ROCHESTER — Festivalgoers said the event is like a family reunion.
But arrests in the northeast area of Rochester continue to cast a dark cloud on the Puerto Rican Festival held earlier this month.
Festival organizers and the Rochester Police Department had worked for months on a strategy to curb post-festival arrests and ultimately chose to end the three-day, 42nd-annual festival more than two hours earlier than normal on the last day, Rochester Police Chief James Sheppard said prior to the event. But the efforts still did not prevent the 28 arrests that took place in the hours after the event concluded at 7:30 p.m., Sheppard said during an Aug. 8 press conference.
The majority of the arrests were for disorderly conduct and took place along Joseph, Hudson and Portland avenues, Sheppard added, which are a mile away from the festival. Police officers also blocked off streets in those northeast neighborhoods to help ease the flow of traffic, he said. Two police cars were damaged by people throwing bottles and rocks, and no one was injured during any of the incidents, Sheppard said.
Having ridden with Sheppard throughout the area after the festival ended this year, Orlando Ortiz, festival board president, said that the celebrations seemed a lot calmer than in past years.
"We want to be proud of our heritage and celebrate with our flags," Ortiz remarked. "But bottle throwing takes it to a whole new level. … It’s unfortunate for us to have to be dealing with these things."
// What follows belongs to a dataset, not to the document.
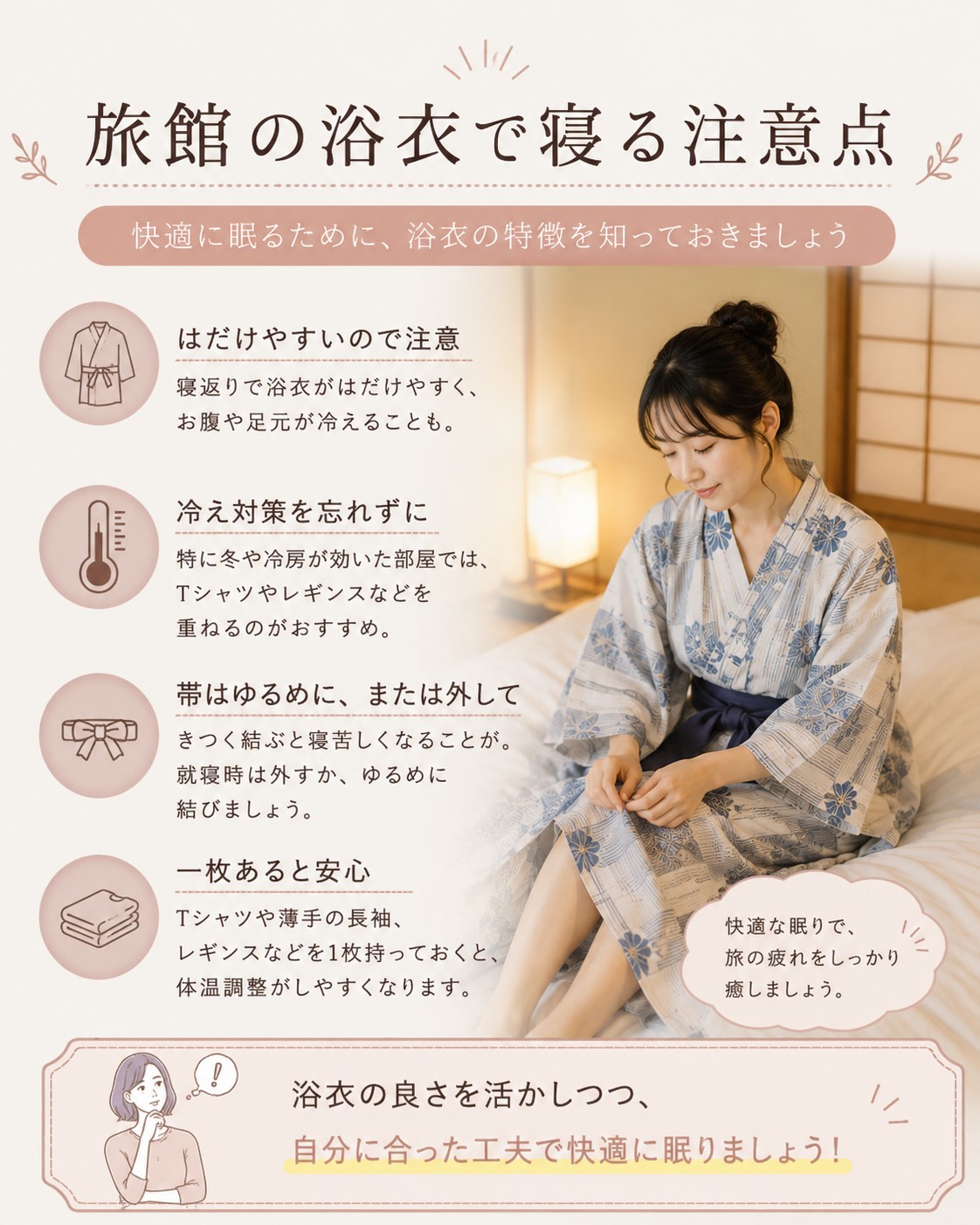 旅館の浴衣で寝る注意点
Sheppard said that he did not know if any of the people arrested had attended the festival. He noted that the police are dealing with two separate issues — the festival itself and the people who are engaging in negative post-festival activities, and the two are not necessarily connected.
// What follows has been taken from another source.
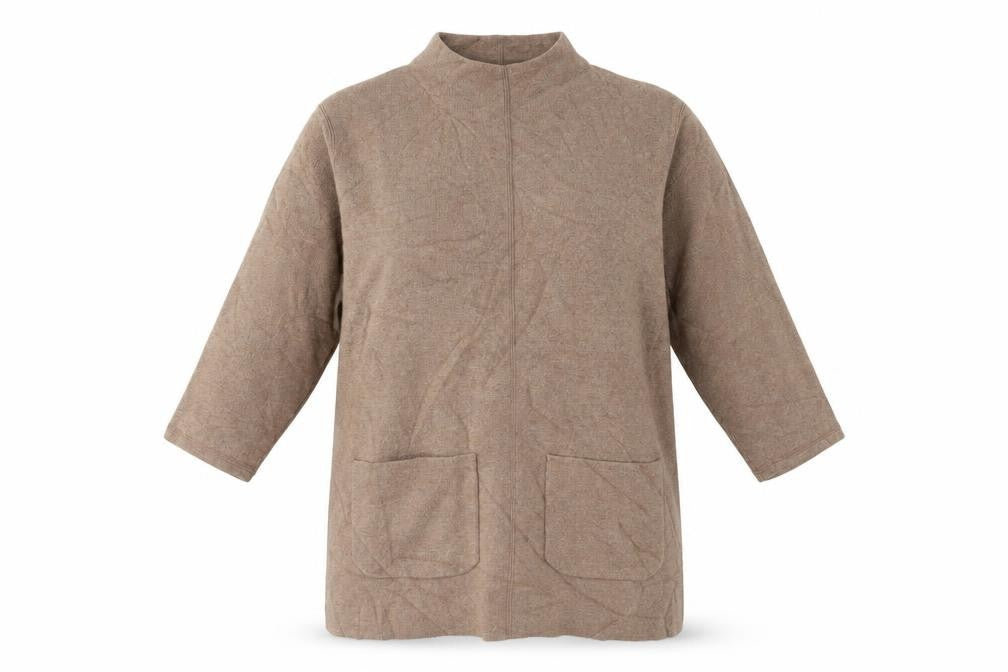 Front view of Marks & Spencer women’s brown jumper, size UK 14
"All three days here at the festival site, we had no problems," Sheppard remarked.
That has been the case for the past few years as the festival board had made security a priority at the festival site on the VIP lot of Frontier Field, Ortiz commented.
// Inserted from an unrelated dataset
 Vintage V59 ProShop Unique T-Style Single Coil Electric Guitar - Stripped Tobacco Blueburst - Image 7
"We want to continue to have the Puerto Rican Festival here at Frontier Field," he added.
For the first time, Sheppard and six city police officers also marched along East Main Street to Frontier Field as part of the Puerto Rican parade — which had been revived as part of the festival several years ago to offer a safe place for people to celebrate instead of on the streets loitering away from the site.
The constant message during the parade and the festival was "celebrate with pride."
That cultural pride was evident by the people who created parade floats to represent their native Puerto Rican towns. The Suarez family even dressed as vejigantes, wearing scary masks and brightly colored robes decorated with sequins and fringe. The family wanted to show what carnival is like in their native Ponce as they danced on a flatbed truck that was part of its parade float.
The traditional festivities take place in the weeks leading up to Lent, Carlos Suarez explained.
"We wanted to bring something different to the festival," he added.
Liz Pachaco of Rochester always brings along her two aunts to watch the parade. Her family is from Yauco, Puerto Rico.
"It’s like a big family reunion," she said of the parade. "It’s like a real big party."
The Arguinzoni family represented the old guard of the festival, as they were part of the event’s origins in Brown’s Square Race, Sandra Arguinzoni said Aug. 6 as she and her parents sat in lawn chairs to the left of the main stage to take in the dance and musical performances.
Arguinzoni said that she had hoped that everyone in the community would "behave" so that the festival will live on for future generations.
"It’s something we have and can enjoy," she added. "We want our children to see it and our grandchildren. It’s important so they know our culture and our different customs."